Principal Investigator: Michael Lang, Los Alamos National Laboratory
The Flexible Computational Science Infrastructure (FleCSI) project provides a compile-time configurable C++ infrastructure to support the needs of a broad variety of solver and data requirements as needed for multiphysics applications. As such, FleCSI attempts to provide a very general set of infrastructure design patterns that can be specialized and extended to suit the needs of a broad variety of solver and data requirements. Current support includes multi-dimensional mesh topology, mesh geometry, mesh adjacency information, n-dimensional hashed-tree data structures, graph partitioning interfaces, and dependency closures.
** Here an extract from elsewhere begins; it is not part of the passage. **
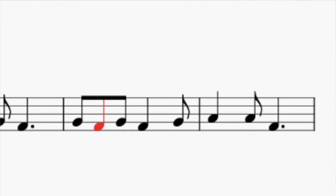In my transcription I've written the plica in red so you can see it — though normally you wouldn't do that in an edition. Because the note it's attached to is a long, I've notated the plica as a quaver: the long is a crotchet, and the plica takes half the value of that note.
FleCSI also introduces a functional programming model with control, execution, and data abstractions that are consistent with both MPI and state-of-the-art task-based runtimes such as Legion and Charm++. The FleCSI abstraction layer provides the developer with insulation from the underlying runtime, while allowing support for multiple runtime systems, including conventional models like asynchronous MPI. The intent is to give developers a concrete set of user-friendly programming tools that can be used now, while allowing flexibility in choosing runtime implementations and optimizations that can be applied to architectures and runtimes that arise in the future. The control and execution models in FleCSI also provide formal nomenclature for describing poorly understood concepts like kernels and tasks. To provide a low barrier to entry, the FleCSI data model does not lock developers into particular layouts or data structure representations, thus providing a low-buy-in approach that makes FleCSI an attractive option for many application projects.